Segment Start: Data

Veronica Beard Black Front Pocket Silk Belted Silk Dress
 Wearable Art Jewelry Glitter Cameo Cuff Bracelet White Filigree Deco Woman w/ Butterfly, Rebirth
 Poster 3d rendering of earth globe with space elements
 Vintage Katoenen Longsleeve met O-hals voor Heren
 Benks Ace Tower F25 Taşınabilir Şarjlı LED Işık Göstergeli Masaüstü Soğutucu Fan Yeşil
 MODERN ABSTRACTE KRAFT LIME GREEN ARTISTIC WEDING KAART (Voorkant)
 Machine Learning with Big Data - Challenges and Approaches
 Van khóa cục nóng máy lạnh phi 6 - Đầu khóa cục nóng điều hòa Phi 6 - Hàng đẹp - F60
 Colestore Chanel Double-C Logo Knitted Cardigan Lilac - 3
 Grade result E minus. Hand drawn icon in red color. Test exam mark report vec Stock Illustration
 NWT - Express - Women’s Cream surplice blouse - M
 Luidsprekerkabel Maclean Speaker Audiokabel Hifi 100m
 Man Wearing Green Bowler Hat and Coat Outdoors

Segment End: Data

Problem requirements. Only the lines from the opening of the material through the line with "Machine Learning with" should be echoed, exactly as written.

Finished exercise.
Veronica Beard Black Front Pocket Silk Belted Silk Dress
 Wearable Art Jewelry Glitter Cameo Cuff Bracelet White Filigree Deco Woman w/ Butterfly, Rebirth
 Poster 3d rendering of earth globe with space elements
 Vintage Katoenen Longsleeve met O-hals voor Heren
 Benks Ace Tower F25 Taşınabilir Şarjlı LED Işık Göstergeli Masaüstü Soğutucu Fan Yeşil
 MODERN ABSTRACTE KRAFT LIME GREEN ARTISTIC WEDING KAART (Voorkant)
 Machine Learning with Big Data - Challenges and Approaches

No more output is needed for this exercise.